> _WHAT IS REQUIRED_
Give the listing again word for word. Skip the pictures.

> _TASK MATERIAL_
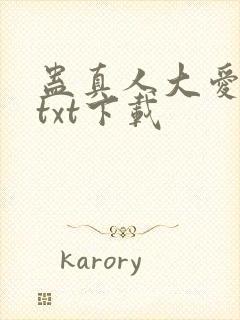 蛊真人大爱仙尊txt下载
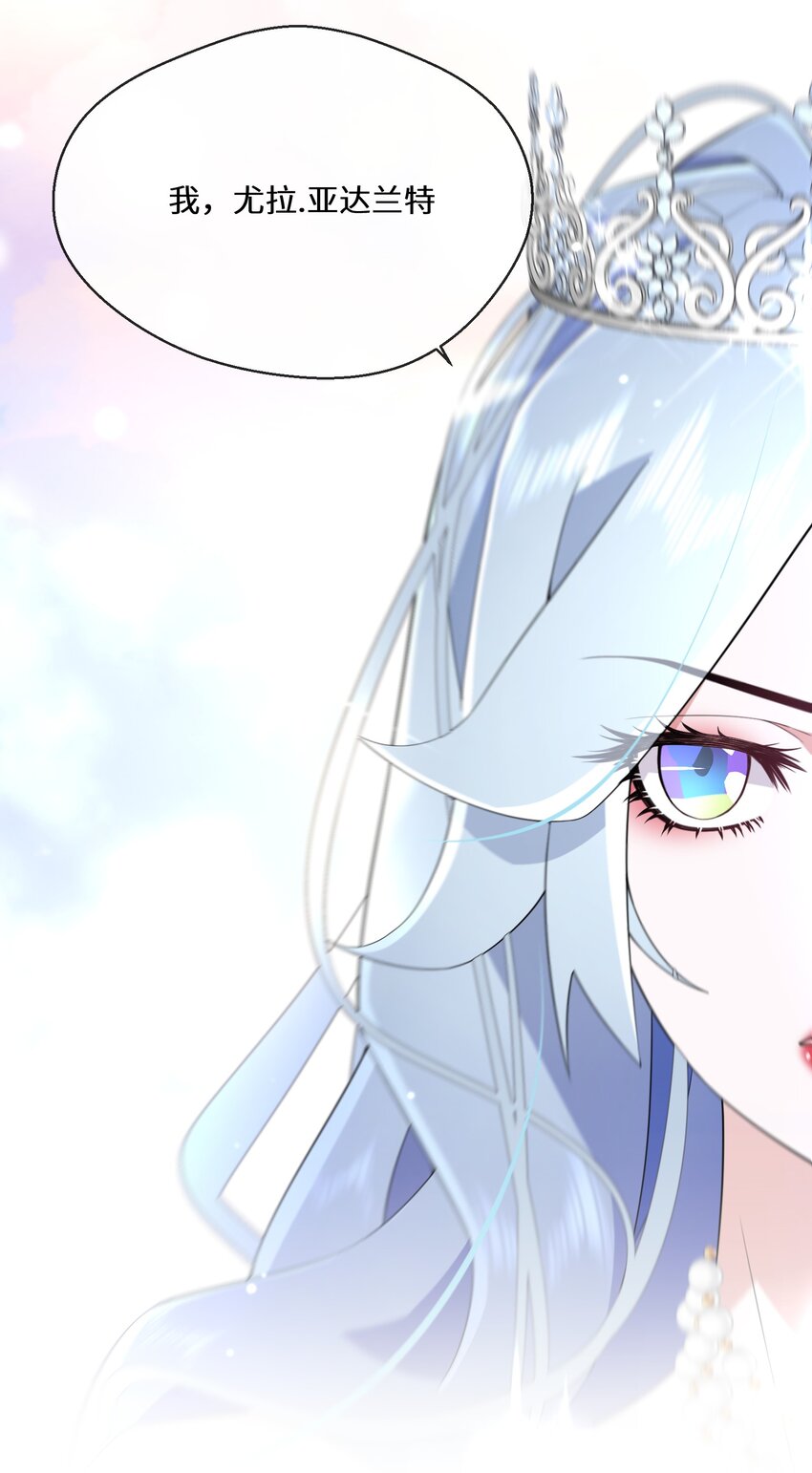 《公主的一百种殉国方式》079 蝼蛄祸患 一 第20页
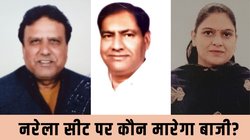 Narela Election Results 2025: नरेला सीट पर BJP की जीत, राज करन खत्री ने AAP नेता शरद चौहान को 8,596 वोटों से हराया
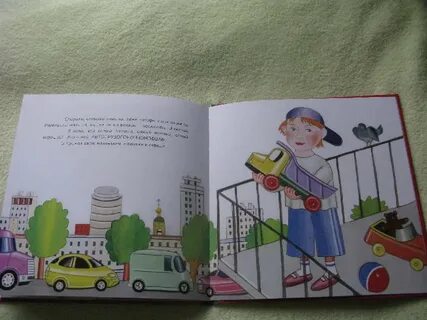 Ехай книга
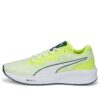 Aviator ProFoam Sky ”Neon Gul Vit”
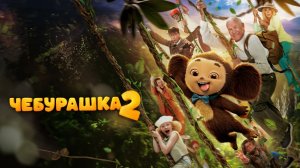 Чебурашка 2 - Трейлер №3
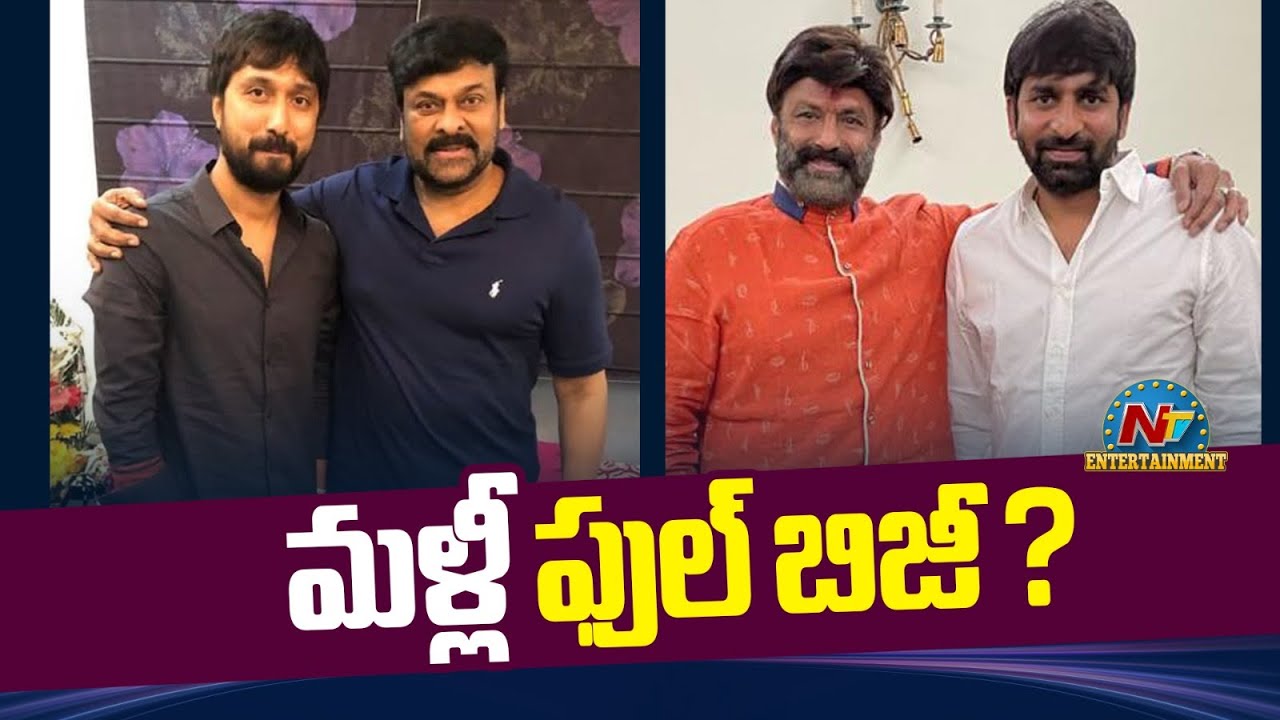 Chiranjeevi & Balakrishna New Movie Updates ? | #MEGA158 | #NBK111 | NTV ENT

> _EXERCISE OUTPUT_
 蛊真人大爱仙尊txt下载
 《公主的一百种殉国方式》079 蝼蛄祸患 一 第20页
 Narela Election Results 2025: नरेला सीट पर BJP की जीत, राज करन खत्री ने AAP नेता शरद चौहान को 8,596 वोटों से हराया
 Ехай книга
 Aviator ProFoam Sky ”Neon Gul Vit”
 Чебурашка 2 - Трейлер №3
 Chiranjeevi & Balakrishna New Movie Updates ? | #MEGA158 | #NBK111 | NTV ENT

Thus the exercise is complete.